Older workers in Singapore face “an element of age discrimination”, Deputy Prime Minister Tharman Shanmugaratnam acknowledged yesterday.
It affects both older professionals, managers and executives (PMEs), and older low-wage workers, he said.
Younger PMEs can find jobs quite easily, Mr Tharman noted, adding that Singapore’s youth unemployment rates are “the lowest around, lower even than (in) South Korea and Taiwan”.
In contrast, older PMEs are not just vulnerable to competition from foreigners, he said.
“For our older PMEs, (those who are) middle-aged especially, once they lose their jobs, some of them find it tough to get back in.
“And I believe there’s an element of age discrimination that we have to tackle,” he added.
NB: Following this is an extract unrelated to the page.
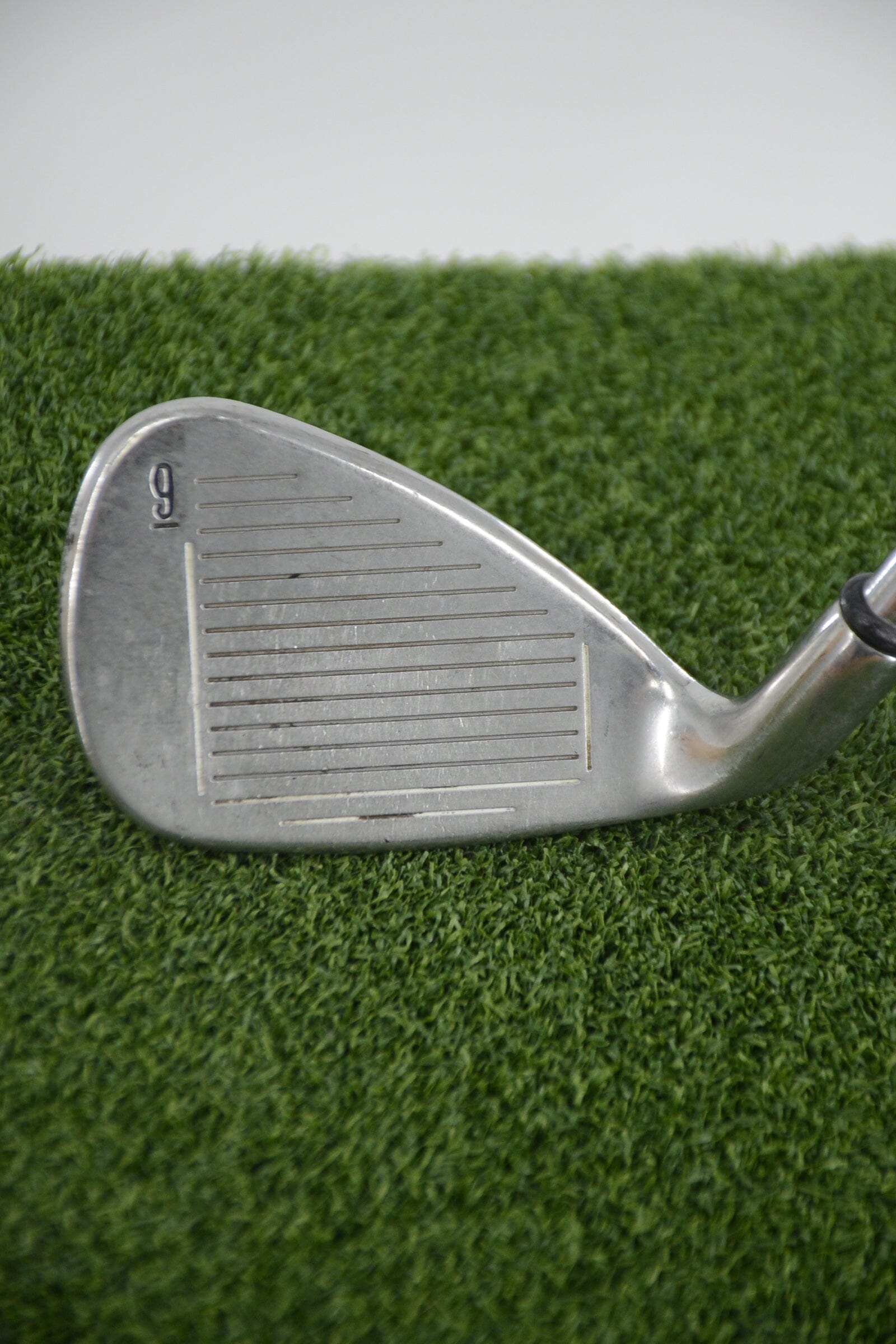 Callaway X-18 9 Iron Uniflex 35.75" Golf Clubs GolfRoots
He made the point when speaking on the importance of ensuring a level playing field for middle-income Singaporeans vis-a-vis foreigners. Similarly, low-income older workers are more vulnerable than their younger counterparts, he said later.
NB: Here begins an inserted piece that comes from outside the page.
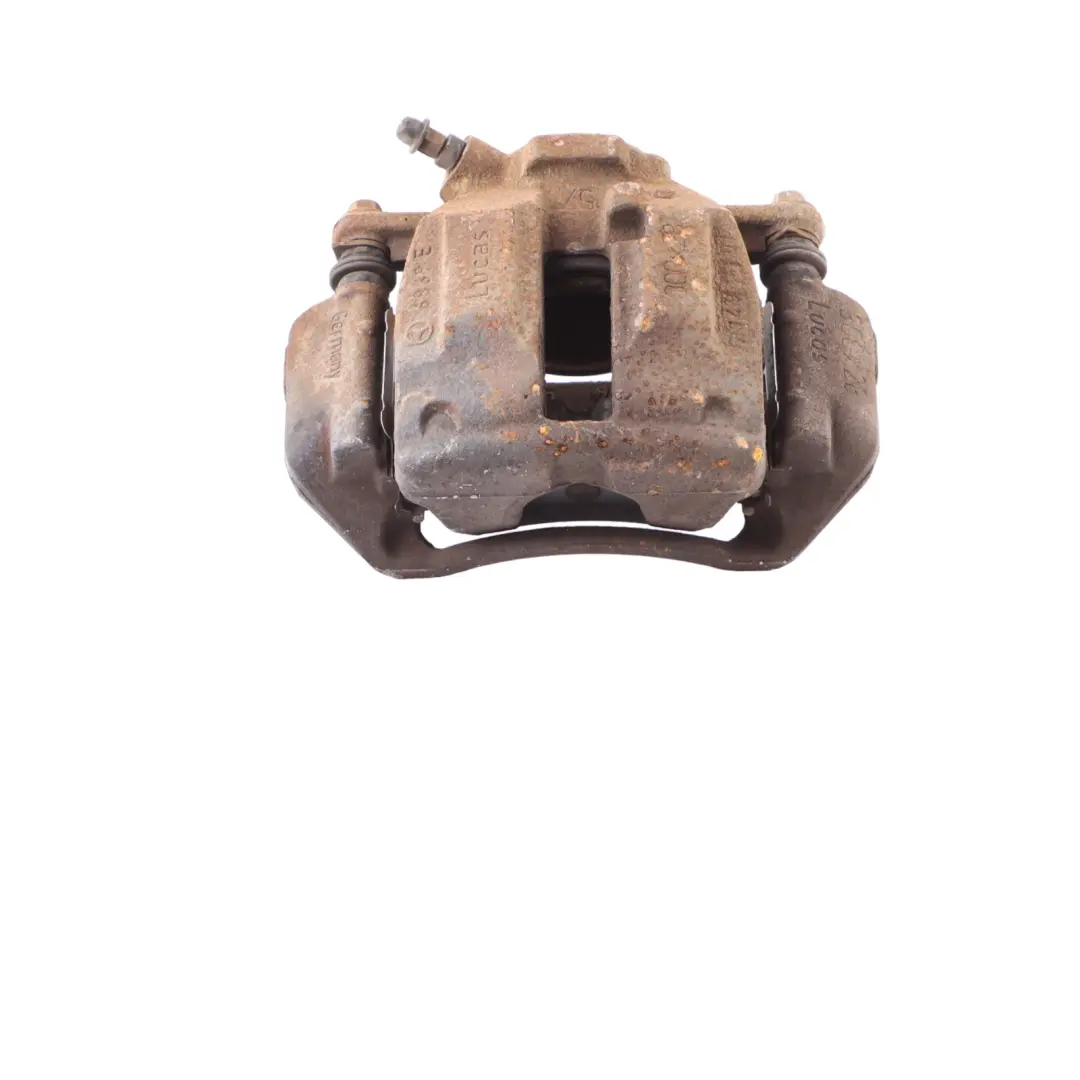 Front Brake Caliper Mercedes W203 R171 Left N/S Wheel Unit A0034202483 to with Part number A0034202383 Front Brake Caliper Mercedes W203 R171 Left N/S Wheel Unit A0034202483 - SKU A0034202383 - Part number A0034202383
“They have the least education and it is very easy for employers to discriminate against older workers if they want to, even upon what appears to be the basis of merit.”
This is why the labour movement’s progressive wage model is important, he added. Such a model “minimises the downside” for workers, that is, the risk of them losing their jobs, he said, borrowing a phrase labour chief Lim Swee Say had used on Wednesday.
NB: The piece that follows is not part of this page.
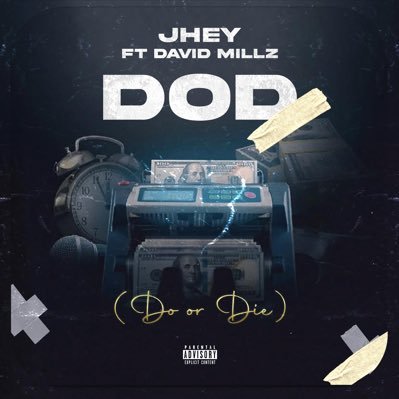 JHey_0025's profile picture. Recording/Performing artiste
Mr Tharman listed other ways in which the Government is helping older workers stay employable. These range from the Special Employment Credit, a wage subsidy given to bosses for hiring them, to the Workfare Training Support Scheme which subsidises programmes for workers aged 35 and older who earn up to $1,900 a month.
So far, one in five of all workers aged above 50 have taken part in training.
The Government wants to raise that proportion, and the Manpower Ministry will elaborate on it during the debate on its budget, said Mr Tharman.